Included in the many proposals recently put forward to fix the banking crisis are several accounting-related ones of which the most prominent are the numerous calls to revise or reverse mark-to-market accounting standards.
In addition, some have suggested that the federal agencies revisit the calculation of regulatory capital. For instance, Paul Haklisch, in a Feb. 11 Viewpoint article, ["Change Rules on Goodwill to Spur Recovery"] proposes that the long-standing practice of completely deducting goodwill from Tier 1 equity be relaxed.
Unfortunately, the economic value of goodwill is not sufficiently reliable to justify its inclusion in capital, and such a change would (initially at least) reward those banks most inclined to overpay for acquisitions. Instead, it would make more sense to address the same punitive regulatory accounting treatment applied to another intangible asset — the core deposit intangible — the asset recorded as the value of the borrowing-cost advantage of an acquired core deposit base.
This intangible asset is truly deserving of recognition for regulatory capital purposes, and a change in its treatment would shore up balance sheets, facilitate consolidation of troubled banks by healthier ones, and more accurately align regulatory incentives with safe and sound banking practices.

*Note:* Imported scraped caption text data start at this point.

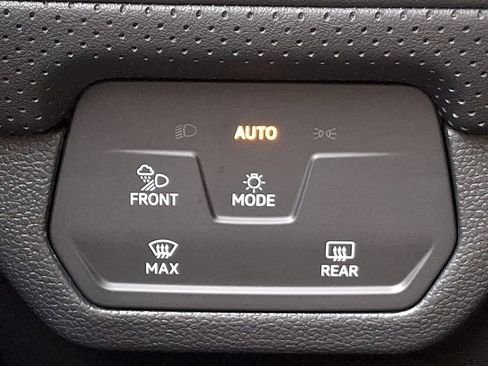 Certified 2026 Volkswagen Atlas SEL AWD/4WD image 25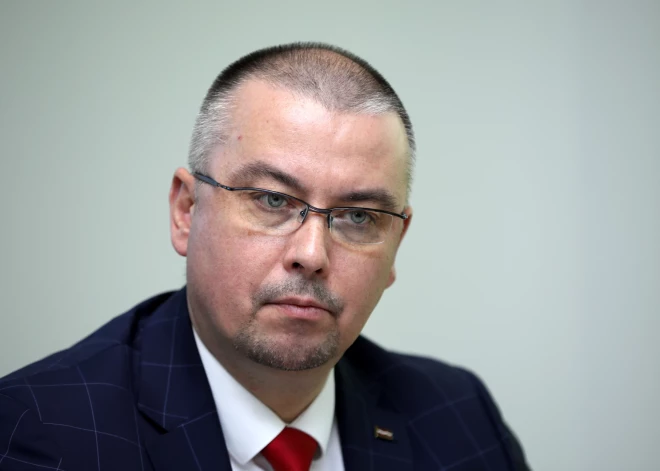 Кариньш значительно повысил зарплату Страуме. Сколько теперь будет получать главный борец с коррупцией?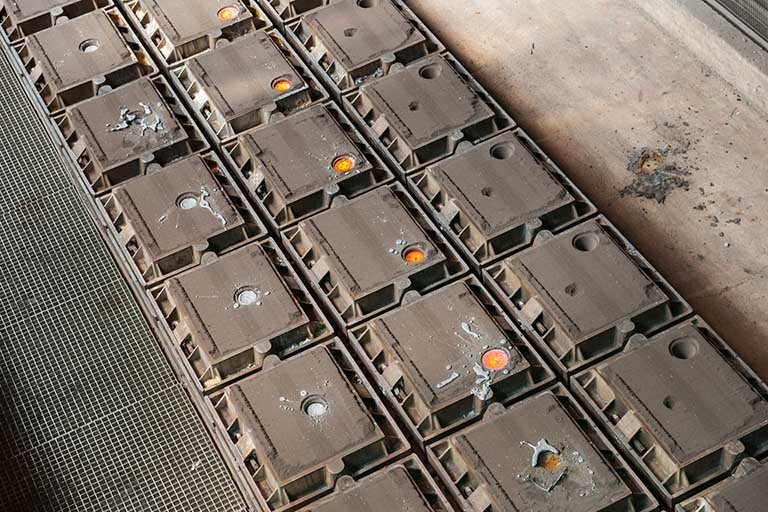 Ligne de moulage. Détail des moules (2). © Région Bourgogne-Franche-Comté, Inventaire du patrimoine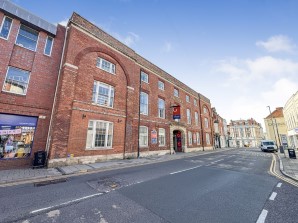 Property for Auction in London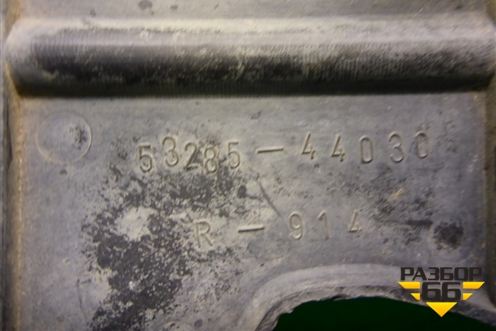 Дефлектор радиатора левый (5328544030) для Toyota Isis c 2004-2018г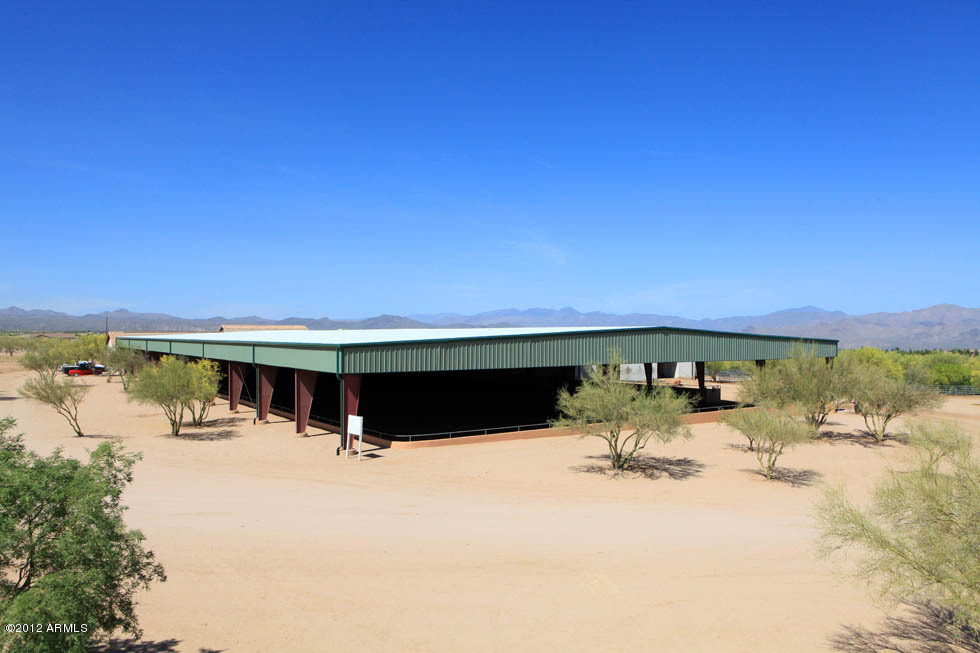 LOMA VISTA FARM SECTION A & B. 15 ACRE TRAINING FACILITY MAIN BARN, 2 ARENAS EQUIP. STORAGE MUST SEE - Residential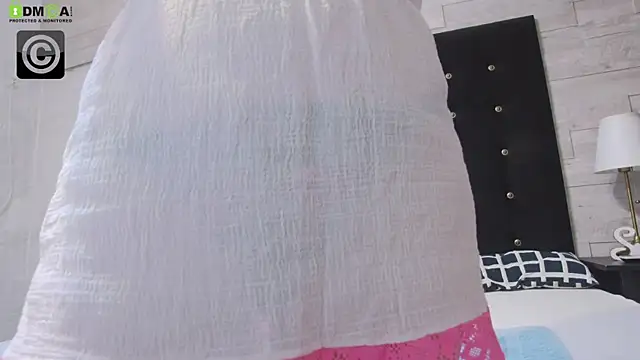 Ella Lizzie online show from 10-18-25, 04:08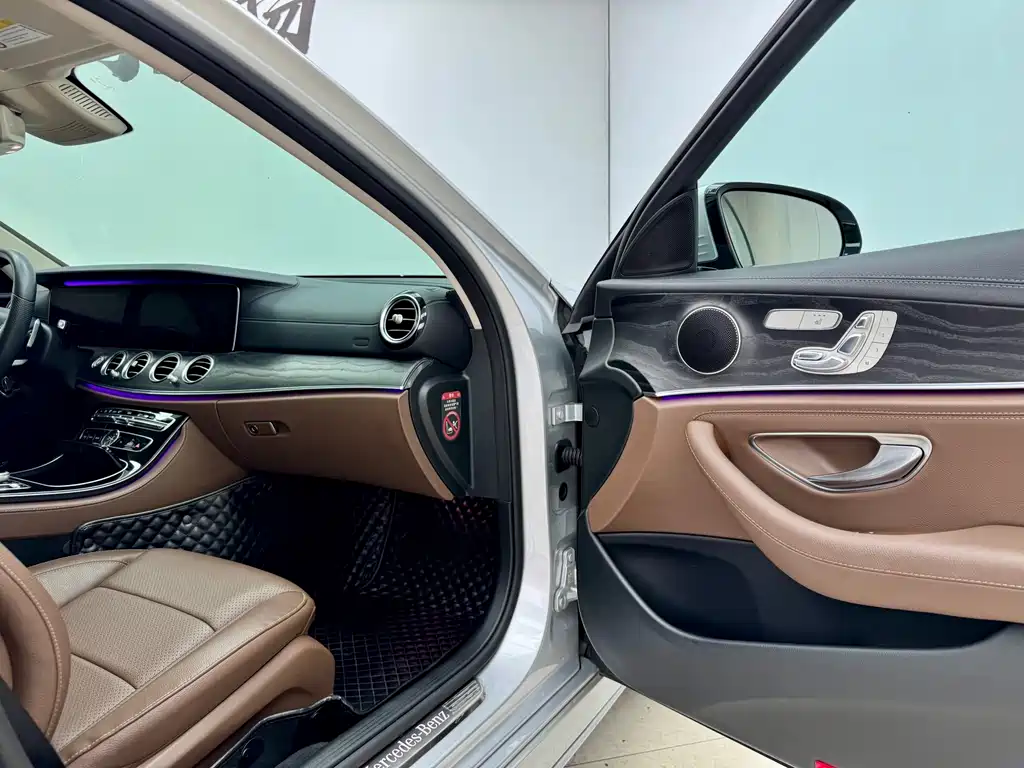 Mercedes-Benz E-Class 2016 — фото 13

In 1993, the four federal bank regulatory agencies adopted a rule codifying the capital treatment of identifiable intangible assets. Under the rule, the agencies determined that purchased mortgage servicing rights and purchased credit card relationships may be included in Tier 1 equity up to certain limits but that core deposit intangibles must be fully deducted from capital. Since the rule's adoption, acquiring core deposits has been qualitatively more capital-intensive than buying mortgage servicing and credit card portfolios.
Of course, if core deposit intangibles lacked the same economic substance as the other intangible assets, its different treatment for capital purposes would be understandable.
But history has proven without question that core deposit intangibles are less risky than their counterparts. There have been two sharp downturns in the banking cycle since core deposit intangibles emerged as an accounting concept in the 1980s. Through both the savings and loan crisis and the current turmoil, stable, low-cost-core deposit companies have maintained their values better than companies emphasizing other intangible assets and, indeed, many regular asset classes.
Furthermore, they are the Federal Deposit Insurance Corp.'s best protection against the dangerous liquidity risks that have manifested themselves recently in financial institutions heavily dependent on noncore funding.
Why then have core deposit intangibles been excluded under the 1993 rule? It states that the agencies evaluate the worthiness of identifiable intangible assets in three ways — the reliability of estimated future cash flows, their ability to be sold separately from the "bank or the bulk of the bank's assets," and the depth of the market for a potential resale of the assets if that ever became necessary.
The regulatory concern the agencies identified in 1993 was a potential lack of a market of sufficient depth for the resale of acquired core deposits, compared to acquired mortgage servicing rights or acquired credit card portfolios.
Purchased mortgage servicing rights and purchased credit card relationships can be sold to both insured depositories and other financial services companies and without geographic limitations, but core deposit intangibles could only be sold to insured depositories and were geographically hampered then by greater restrictions on interstate branching.
Today, the lack-of-marketability concern can be addressed effectively by arranging a forward "resale" of an acquired core deposit base to another buyer. Our company did precisely this as part of an acquisition of a small bank in the Chicago suburbs in 2001. Even today plenty of healthy banks and private investors of the "shelf-charter" variety would be happy to earn a fee now in exchange for the risk that they might be forced in the next few years to buy a nice-looking core deposit base for a good price.
At the time, the regulators were silent on the question of whether core deposit bases generated sufficiently reliable cash flows; since then, the answer that has emerged is a clear "yes."
One understands the agencies' natural reluctance to use their authority to allow a change in regulatory capital accounting that would be advantageous to the banks they regulate. On the other hand, it is very difficult to understand the logic behind the current regulatory capital rule regarding identifiable intangible assets.
Under it, regulatory capital incentives exist that encourage financial institutions to generate and purchase riskier mortgage and consumer credit assets. Simultaneously, the regulatory capital treatment of core deposit intangibles discourages the generation and purchase of stable, low-cost core deposits.